Yorum : Dublin Caddesi - Samantha Young

DİKKAT! Braden Carmichael bağımlılık yapabilir!





  2 gün. O kadar dönem ödevi , yaklaşan sınavlar , teslim edilmesi gereken okul bitirme projesi varken ben bu harika kitabı 2 günde bitirdim. Bu durumda Braden'ın etkisi büyük tabi :)
  En kötü yanı da son sayfayı da çevirdiğim zaman arka kapakla karşı karşıya kalmamdı. Uzun zamandır kitapları bitirdikten sonra boşlukta kalma hissi yaşamıyordum.

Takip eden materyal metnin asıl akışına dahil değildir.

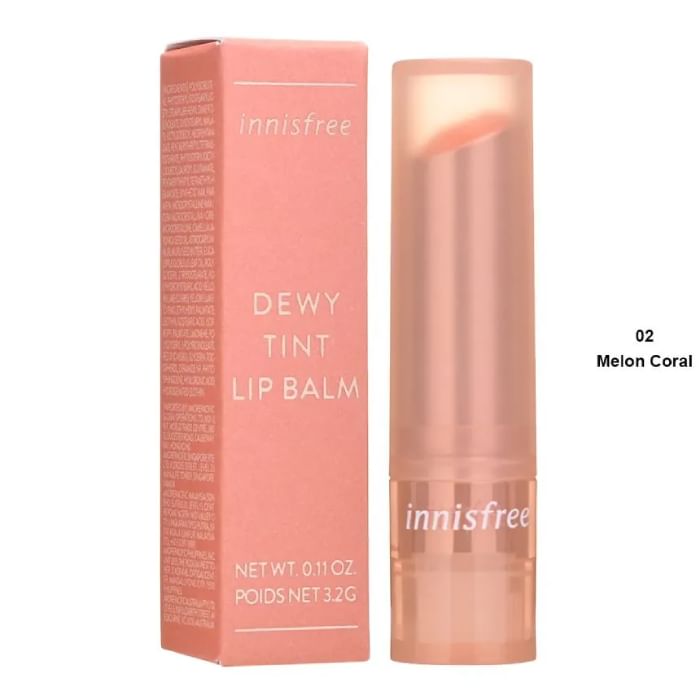 Dewy Tint Lip Balm - 5 Colors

Samantha Young sayesinde o hüznü tekrar tatmış oldum.

  Ana karakterimiz Jocelyn Butler geçmişinden kaynaklı bazı sorunlara sahip bu nedenle insanlarla yakınlaşamıyor. Dost değil arkadaş ediniyor. Üniversiteden mezun olduktan sonra ise Dublin Caddesi'nde yeni bir daireye taşınıyor. Ev arkadaşı Ellie samimi , tatlı mı tatlı bir kız. Ağabeyi Braden için ise aynı şeyleri söylemek pek mümkün değil. 



    Daha ilk günden Braden ile Joss'un karşılaşması beni güldürdü. [Spoiler içerir!] Ya bir nasıl bu kadar şanslı olabilir ? Kızı çıplak gördü resmen :D Birde 'Burası benim dairem' deyişi :D Her eve bir tane Braden lazım :) [Spoiler bitti!]

   Kitaptaki Braden-Joss atışmaları beni her daim güldürdü. Yazar normal diyalogları bile zekice yazmış. Kısaca sıkılmanın S 'sini bile hissetmedim.
  Öhöm öhöm! Gelelim en önemli kısma. Braden Carmichael! Adamın adını söylerken bile kısa çaplı bir kalp krizi geçiriyorum (❤) Braden kıskanç , arsız , zengin , düşünceli , erkeksi ve hıyarın teki! Daha ne olsun! Bir kadının isteyebileceği tüm özelliklere sahip! - Jocelyn hariç. Joss sevgi olmadan kısa ilişkiler istiyor. Ancak Braden karşısında duvar olsa onu bile eritir. Joss da kısa zamanda Braden'nın çekimine kapılıyor. (not: Kim kapılmaz ki?)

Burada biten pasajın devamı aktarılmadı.